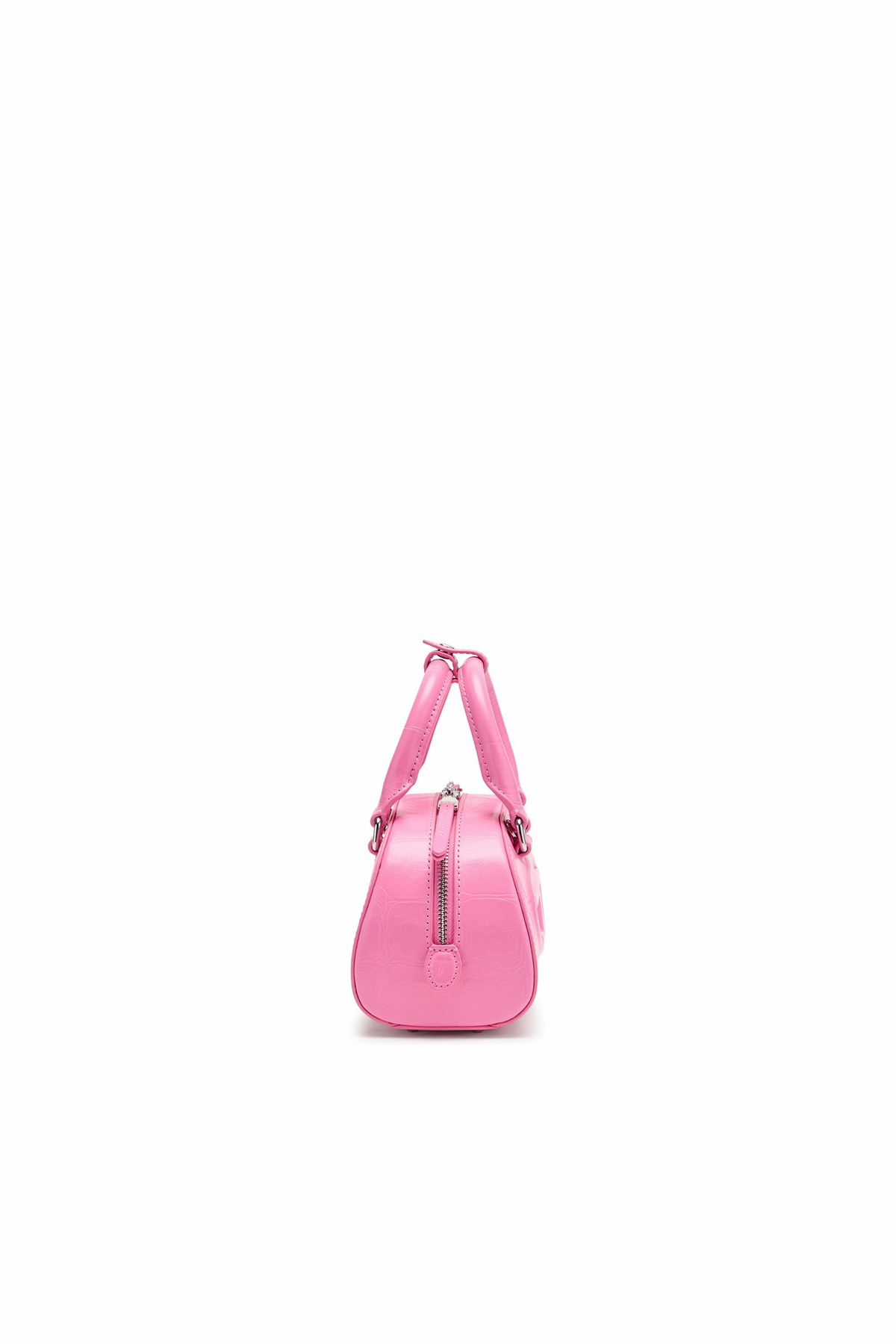 Diesel 1DR Dome-Mini bowling bag in croc-effect leather - Crossbody Bags Womens in Pink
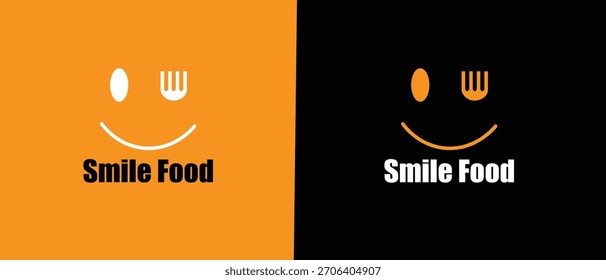  Diseño del logotipo de la comida. Diseño del Vector del tenedor de la cuchara con el símbolo gráfico del icono de la sonrisa. Icono feliz del Vector del restaurante de la comida 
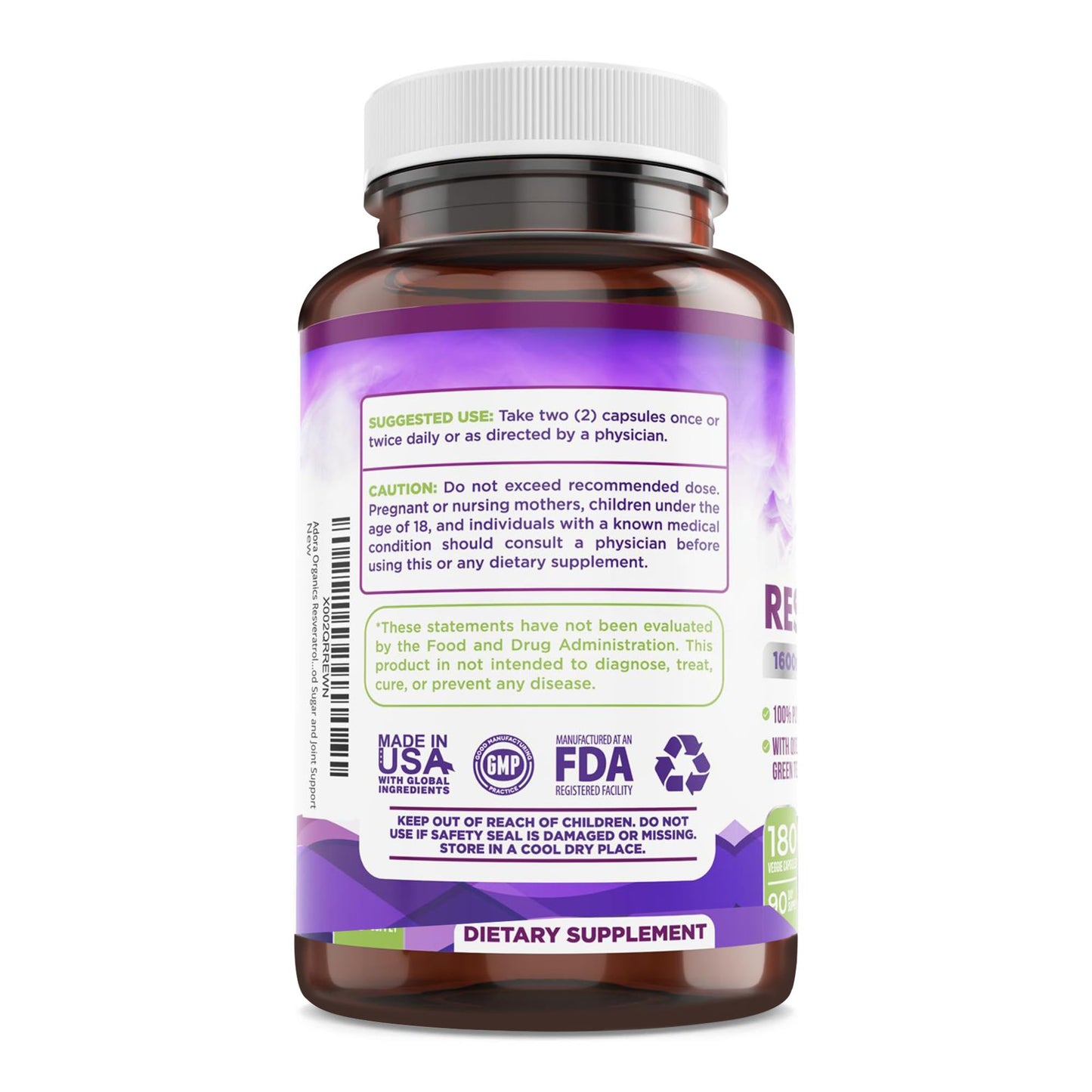 Biodora Resveratrol 1600mg – Trans-Resveratrol Antioxidant with Green Tea, Grape Seed & Quercetin | 180 Capsules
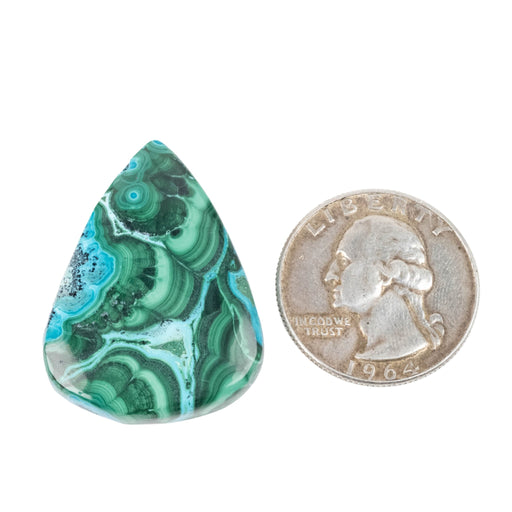 Chryscocolla + Malachite Cabochon 50.05 ct 34x25mm - InnerVision Crystals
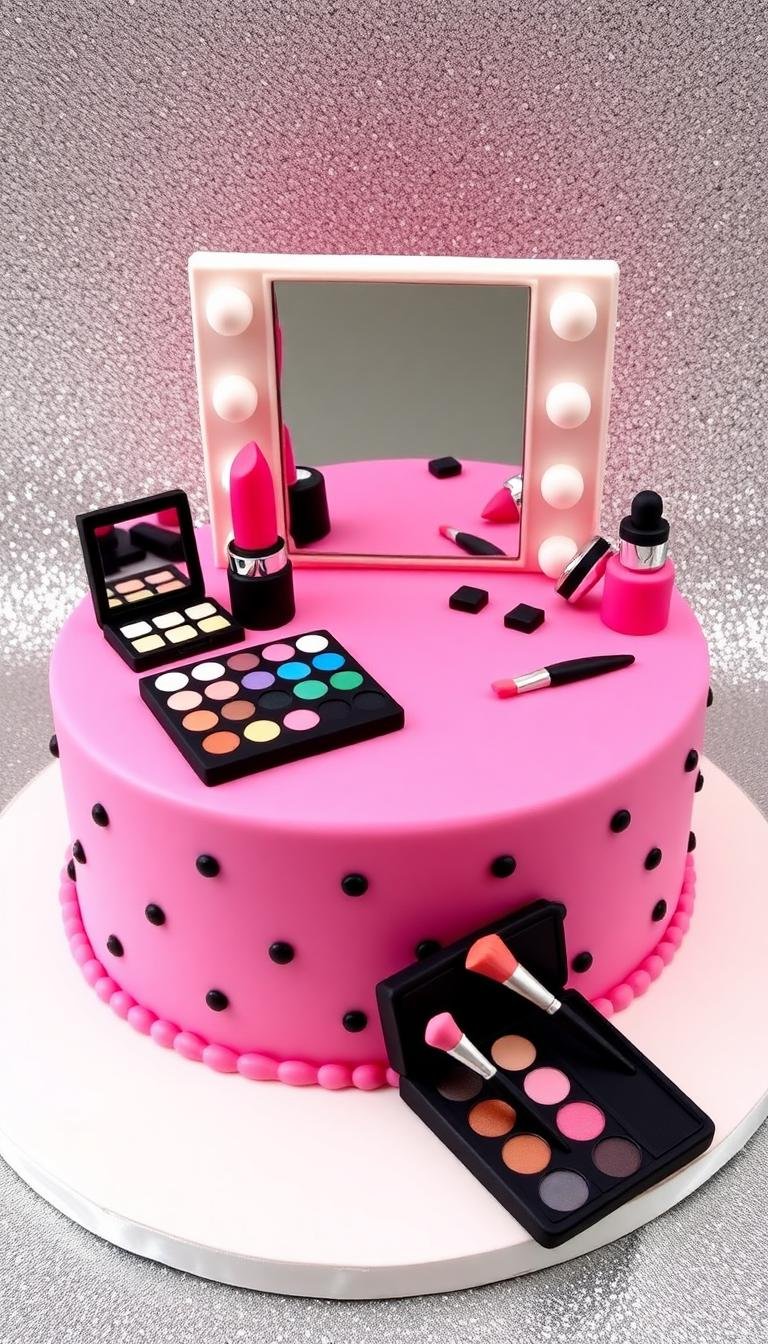 Makeup-Themed Cake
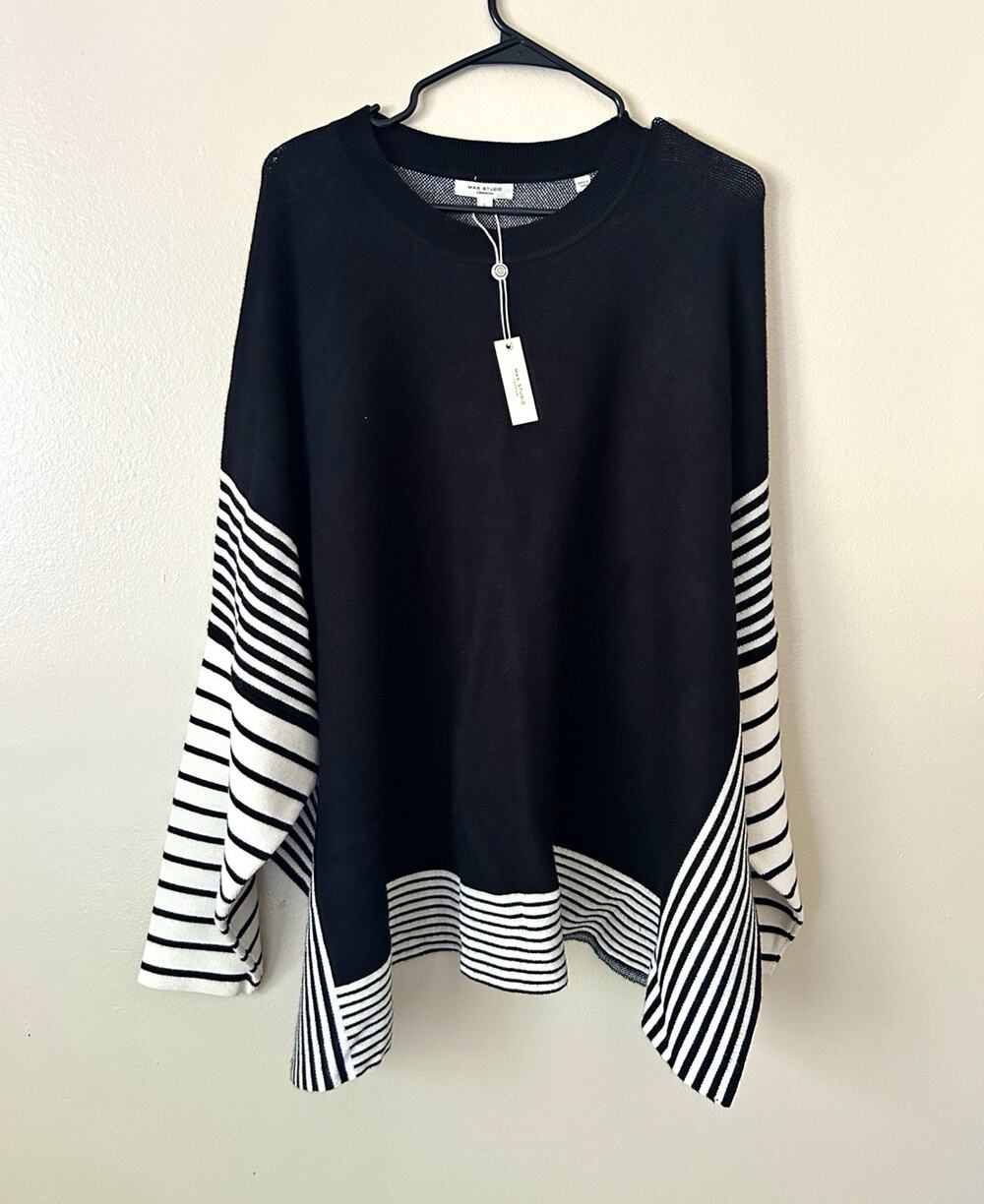 Max Studio London Women's Striped Knit Crewneck Pullover Sweater L Oversized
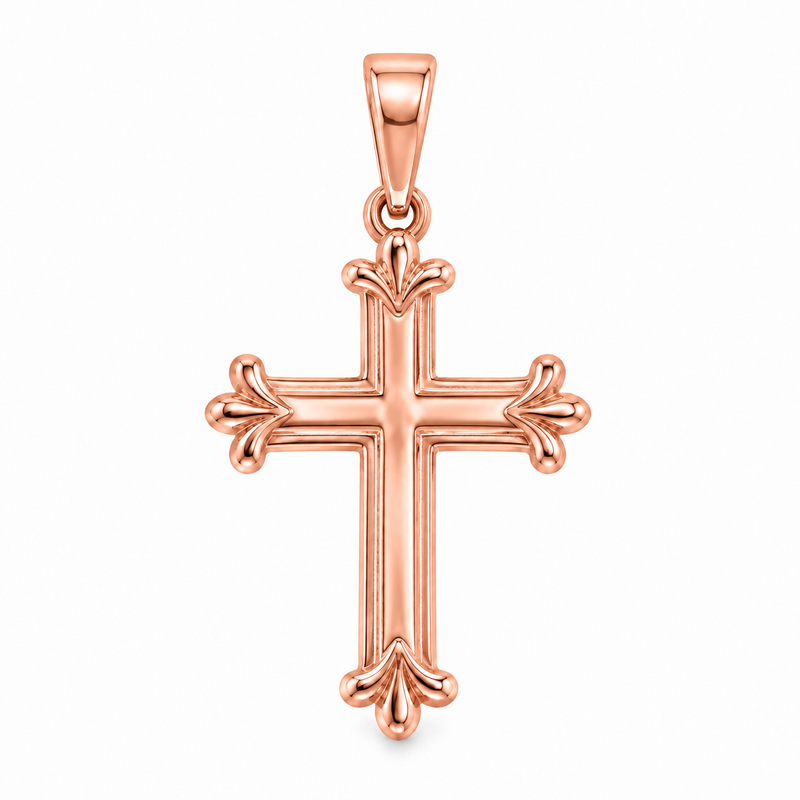 14K Gold Fleur Cross Pendant 71836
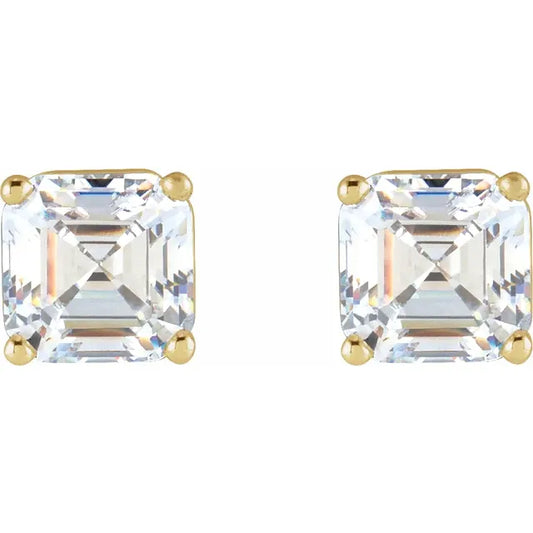 Vaelis 0.33 Carat Asscher Cut Diamond Stud Earrings in 14k Yellow Gold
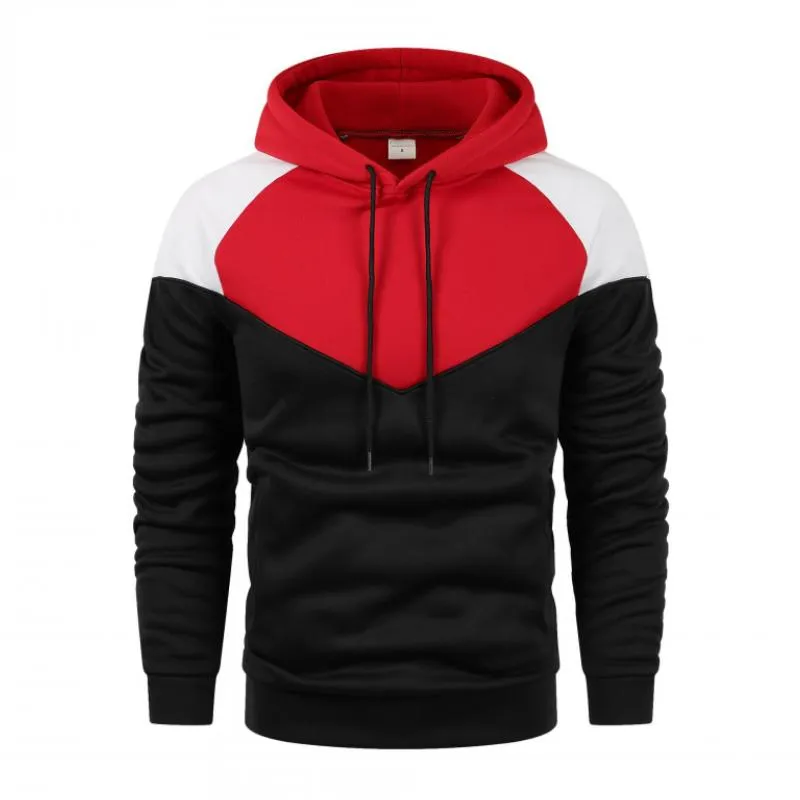 Men's Casual Colorblock Loose Long-sleeved Hoodie 90143154M sold by Manly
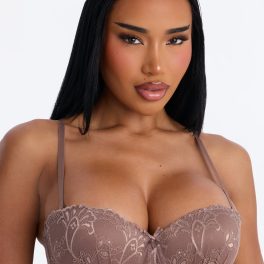 Daily Lover Taupe Lace Extreme Push Up Strapless Multi-Way Bra
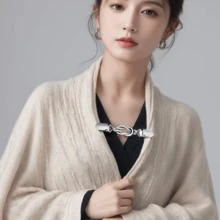 1 Buah/2/4 Buah Klip Sweater Tanpa Jahitan yang Tidak Merusak, Klip Syal Rantai Bunga Perak, Gesper Pengencang Ujung Kemeja, Aksesori Pengencang Pinggang Gaun - MultiWarna - View 5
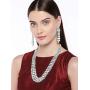 Aheli Indian Bollywood Style Wedding Party Faux Kundan Necklace with Earrings Set Ethnic Fashion Jewelry for Women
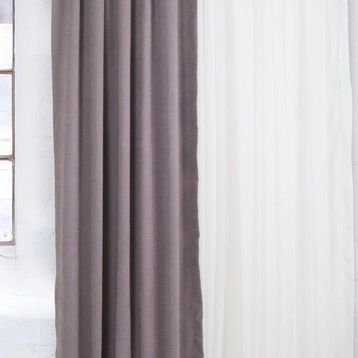 Massarelli Gri Pilesiz Fon Perde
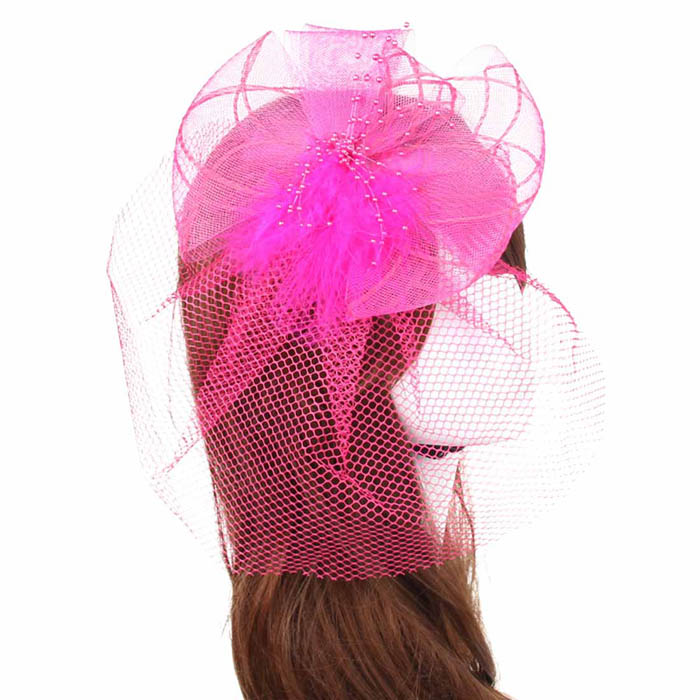 Bride-Women-Flower-Feather-Bead-Mesh-Fascinator-Wedding-Party-Headpieces-1040660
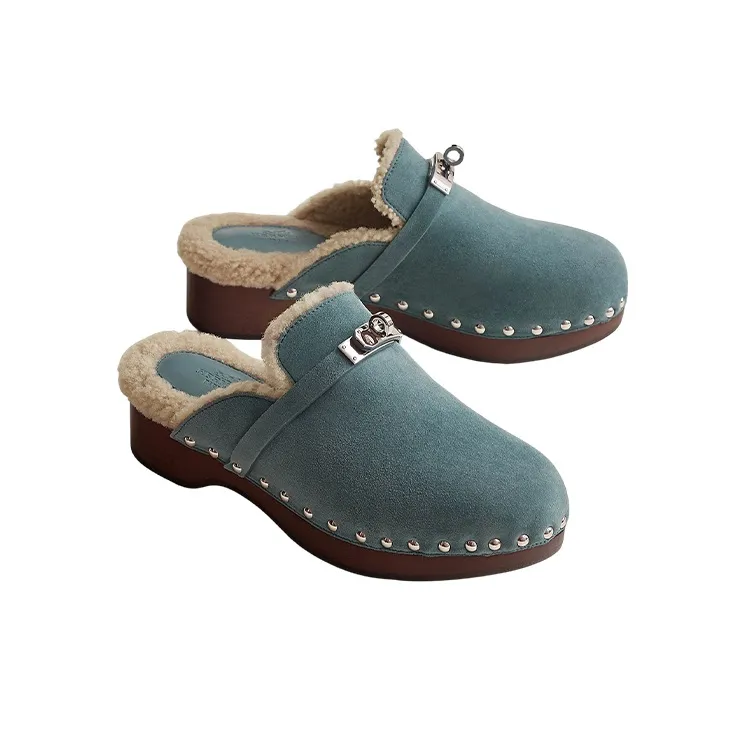 HERMES Carlotta Wrap-toe Slippers Women's Light Blue-3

----

◆ **PROBLEM STATEMENT**
In the data above, find the line with "Makeup-Themed Cake" and the line with "1 Buah/2/4 Buah". Please copy exactly those two lines and every line between them, but not the pictures.

◆ **TASK RESULT**
 Makeup-Themed Cake
 Max Studio London Women's Striped Knit Crewneck Pullover Sweater L Oversized
 14K Gold Fleur Cross Pendant 71836
 Vaelis 0.33 Carat Asscher Cut Diamond Stud Earrings in 14k Yellow Gold
 Men's Casual Colorblock Loose Long-sleeved Hoodie 90143154M sold by Manly
 Daily Lover Taupe Lace Extreme Push Up Strapless Multi-Way Bra
 1 Buah/2/4 Buah Klip Sweater Tanpa Jahitan yang Tidak Merusak, Klip Syal Rantai Bunga Perak, Gesper Pengencang Ujung Kemeja, Aksesori Pengencang Pinggang Gaun - MultiWarna - View 5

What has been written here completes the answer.